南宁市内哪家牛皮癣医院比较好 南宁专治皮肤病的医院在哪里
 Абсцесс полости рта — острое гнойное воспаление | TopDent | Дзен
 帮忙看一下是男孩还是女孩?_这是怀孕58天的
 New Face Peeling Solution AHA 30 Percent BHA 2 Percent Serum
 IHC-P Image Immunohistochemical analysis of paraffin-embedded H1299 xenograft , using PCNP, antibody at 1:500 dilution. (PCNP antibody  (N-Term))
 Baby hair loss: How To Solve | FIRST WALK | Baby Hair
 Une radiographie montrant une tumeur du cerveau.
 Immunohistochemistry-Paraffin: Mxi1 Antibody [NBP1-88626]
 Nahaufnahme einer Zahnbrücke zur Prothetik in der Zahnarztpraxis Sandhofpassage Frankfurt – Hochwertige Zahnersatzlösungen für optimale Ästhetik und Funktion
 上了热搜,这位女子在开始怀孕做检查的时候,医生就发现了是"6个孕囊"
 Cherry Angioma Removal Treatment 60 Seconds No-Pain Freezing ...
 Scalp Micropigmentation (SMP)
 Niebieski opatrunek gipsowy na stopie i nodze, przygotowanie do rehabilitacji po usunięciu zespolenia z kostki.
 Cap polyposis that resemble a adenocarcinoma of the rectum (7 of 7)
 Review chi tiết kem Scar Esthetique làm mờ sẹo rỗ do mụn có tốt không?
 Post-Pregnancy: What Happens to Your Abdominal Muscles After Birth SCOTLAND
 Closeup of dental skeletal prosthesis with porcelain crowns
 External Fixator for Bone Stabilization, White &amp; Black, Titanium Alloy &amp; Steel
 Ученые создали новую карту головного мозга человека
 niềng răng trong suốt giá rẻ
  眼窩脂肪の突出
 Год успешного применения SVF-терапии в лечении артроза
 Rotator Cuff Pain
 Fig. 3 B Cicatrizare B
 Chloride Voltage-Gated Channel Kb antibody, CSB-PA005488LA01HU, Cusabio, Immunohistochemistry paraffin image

◇ ◇ ◇ ◇ ◇

**The problem**
Every record here must be output exactly, word for word.

**Exercise result**
南宁市内哪家牛皮癣医院比较好 南宁专治皮肤病的医院在哪里
 Абсцесс полости рта — острое гнойное воспаление | TopDent | Дзен
 帮忙看一下是男孩还是女孩?_这是怀孕58天的
 New Face Peeling Solution AHA 30 Percent BHA 2 Percent Serum
 IHC-P Image Immunohistochemical analysis of paraffin-embedded H1299 xenograft , using PCNP, antibody at 1:500 dilution. (PCNP antibody  (N-Term))
 Baby hair loss: How To Solve | FIRST WALK | Baby Hair
 Une radiographie montrant une tumeur du cerveau.
 Immunohistochemistry-Paraffin: Mxi1 Antibody [NBP1-88626]
 Nahaufnahme einer Zahnbrücke zur Prothetik in der Zahnarztpraxis Sandhofpassage Frankfurt – Hochwertige Zahnersatzlösungen für optimale Ästhetik und Funktion
 上了热搜,这位女子在开始怀孕做检查的时候,医生就发现了是"6个孕囊"
 Cherry Angioma Removal Treatment 60 Seconds No-Pain Freezing ...
 Scalp Micropigmentation (SMP)
 Niebieski opatrunek gipsowy na stopie i nodze, przygotowanie do rehabilitacji po usunięciu zespolenia z kostki.
 Cap polyposis that resemble a adenocarcinoma of the rectum (7 of 7)
 Review chi tiết kem Scar Esthetique làm mờ sẹo rỗ do mụn có tốt không?
 Post-Pregnancy: What Happens to Your Abdominal Muscles After Birth SCOTLAND
 Closeup of dental skeletal prosthesis with porcelain crowns
 External Fixator for Bone Stabilization, White &amp; Black, Titanium Alloy &amp; Steel
 Ученые создали новую карту головного мозга человека
 niềng răng trong suốt giá rẻ
  眼窩脂肪の突出
 Год успешного применения SVF-терапии в лечении артроза
 Rotator Cuff Pain
 Fig. 3 B Cicatrizare B
 Chloride Voltage-Gated Channel Kb antibody, CSB-PA005488LA01HU, Cusabio, Immunohistochemistry paraffin image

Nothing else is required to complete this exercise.